We evaluated our fiber-optical ELM on the spiral benchmark, with its increasing nonlinearity as θ max increases (e.g., 0.5π → 10π), which is an ideal task to demonstrate the fiber-optical ELM’s ability to handle highly nonlinear problems. Figure 3 illustrates the classification results for θ max = 10π, corresponding to 5 wraps around the center per spiral. Figure 3a and b shows the average and the standard deviation (STD) of the spectral intensities for both fiber types, normal dispersion (ND) fiber and anomalous dispersion (AD) fiber, respectively, measured under the same excitation conditions (i.e., 18.45 mW, 136 fs, cp. Table 1). The difference in standard deviations between the two cases arises from using different scale factors in the encoding phase for the two fibers.

4-arms spiral classification benchmark in normal and anomalous dispersion fibers. (a) Average and standard deviation (STD) of output spectral intensities for the spirals dataset in the normal dispersion (ND) case. (b) Average and STD of output spectral intensities for the spirals dataset in the anomalous dispersion (AD) case. (c) Classification test accuracy across all classes achieved for both fiber types as a function of the number of search bins. (d) Classification results for the ND case using 50 search bins. (e) Classification results for the AD case using 50 search bins.

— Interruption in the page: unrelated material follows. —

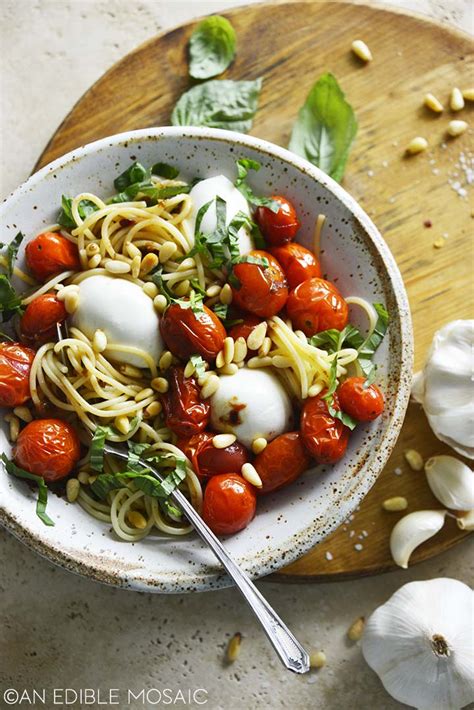 oven-roasted-tomatoes-recipe-with-pasta-pine-nuts image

Pulse width and peak power at the input of the highly nonlinear fiber (HNLF) for various encoding conditions (attenuation), calculated using average power and pulse width (both are measured before propagating through the fiber). The pulse width was measured using an APE autocorrelator (pulseCheck NX 50). The average of 16 scans over a range of 5 ps was fitted to a Lorentzian function to determine the pulse width.
| Encoding attenuation applied (dB) | Averag power measured (mW) | Pulse width measured (fs) | Peak power calculated (W) |
|---|---|---|---|
| 0 | 18.56 | 136 | 1,705.88 |
| 2 | 11.66 | 146 | 998.29 |
| 4 | 7.41 | 155 | 597.58 |
| 6 | 4.72 | 157.5 | 374.60 |
| 8 | 3.04 | 161 | 236.02 |
We chose the scale factors according to the highest classification accuracy obtained during our experiments with various scale factors (see Figure 4A in the Supplementary Material). Specifically, we use π/2 for the ND fiber and π/16 for the AD fiber, resulting in a larger STD for the ND case. Our Equal Search analysis allows us to compare the system’s performance for various numbers of search bins. In Figure 3c, we observe increasing the number of search bins increases system accuracy for both fibers. The AD fiber achieves superior performance on the spiral benchmark (>95 % accuracy for 35 bins and up) compared to ND fiber, which reaches the best accuracy of 91.5 % with 50 bins before going into overfitting (i.e., test accuracy diverges from training accuracy).
3.2 Handwritten digit recognition
Next, we test the system’s performance on a low nonlinear task. We identified the MNIST dataset to be suitable for this purpose as it is known to be solvable to a high degree by using linear classifiers (cf. Figure 1A). The MNIST dataset is a widely used collection of handwritten digits from 0 to 9 (i.e., 10 classes), stored as 28 × 28 pixels gray-valued images, that serves as a standard benchmark in machine learning. The dataset used in this study is sourced from the TensorFlow library (tensorflow_datasets).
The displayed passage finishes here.